Is ‘I do’ all it takes?
25 October 2013
The proposed marriage tax break is due to target one third of married couples (generally middle earners). The focus of the message is on marriage as the basis for a family. It’s not been a crowd pleaser, with critics including:
- The single parent charity: it stigmatises single parent families
- The economists: it will lead to refusals of pay rises
- The Conservative backbencher: it should have been for all married couples regardless of income
The Centre for Social Justice has argued that the main point is to encourage commitment and lasting relationships—the focus on marriage is just because it’s easier to identify married people than cohabiting people in the tax system.
There is no denying that stable relationships are important, at all stages of life, and that work towards supporting people to maintain good relationships should be applauded. My main focus this year has been on working with charities supporting offenders (or ex-offenders) with their relationships, including those with partners, as an important pathway to rehabilitation. We are working to help these charities measure the impact of their work.
On this project, it has been interesting to see the work of charities aimed at helping offenders distinguish between positive and negative relationships. So, while a charity might support an offender to sustain a positive relationship, ending a negative one can be a successful outcome too. This could be an abusive relationship, or one associated with a destructive influence such as drug use. And here’s where the message of the proposed policy becomes particularly debatable.

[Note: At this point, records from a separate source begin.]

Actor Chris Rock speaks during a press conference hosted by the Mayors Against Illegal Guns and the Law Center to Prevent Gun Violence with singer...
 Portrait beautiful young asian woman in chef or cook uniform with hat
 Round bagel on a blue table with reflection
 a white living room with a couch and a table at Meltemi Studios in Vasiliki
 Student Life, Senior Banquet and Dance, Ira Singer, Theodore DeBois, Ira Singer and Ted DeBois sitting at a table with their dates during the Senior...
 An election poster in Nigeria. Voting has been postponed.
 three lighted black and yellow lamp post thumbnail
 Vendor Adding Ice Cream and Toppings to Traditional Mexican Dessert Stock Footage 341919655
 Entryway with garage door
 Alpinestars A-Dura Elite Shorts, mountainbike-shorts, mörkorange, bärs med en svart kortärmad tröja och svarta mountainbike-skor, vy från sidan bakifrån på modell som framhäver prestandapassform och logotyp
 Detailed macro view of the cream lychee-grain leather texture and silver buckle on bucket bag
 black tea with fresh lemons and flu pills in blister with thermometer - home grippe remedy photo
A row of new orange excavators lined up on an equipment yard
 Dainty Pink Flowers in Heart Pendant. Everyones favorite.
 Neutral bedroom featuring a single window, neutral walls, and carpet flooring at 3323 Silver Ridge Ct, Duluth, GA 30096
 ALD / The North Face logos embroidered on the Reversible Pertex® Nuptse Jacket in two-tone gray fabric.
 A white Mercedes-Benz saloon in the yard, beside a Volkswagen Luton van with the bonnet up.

The policy is in danger of implying that being in a relationship is always better than not being in one. When I interviewed parents about their reasons for separation, as part of a research project for the Child Support Agency, I uncovered tortuous stories of couples separating. These were not marriage or relationship break ups on a whim. Research comparing couple families experiencing high levels of conflict with single parent families found that children fare less well in conflicted couple families. And as some have stated, the policy risks underplaying the significance of domestic violence, including forced marriage (research I carried out in 2009 suggested 5,000 to 8,000 cases of forced marriage a year).
The policy might also imply that it’s up to you as an individual whether you want to fall in love, marry and stay together, that it’s a deliberate choice completely within your control, that we shun commitment and need encouragement. And that there’s no luck involved. With so many people using dating websites to find a long-term partner, I’m not convinced we need to be told that ‘commitment, responsibility and stability that helps to bind families’ is a good thing.
As the rehabilitation organisations we are working with know well, supporting positive choices to help individuals build a positive future might end in “I do” but, equally, it might not. A slightly more complex message perhaps, but an important one.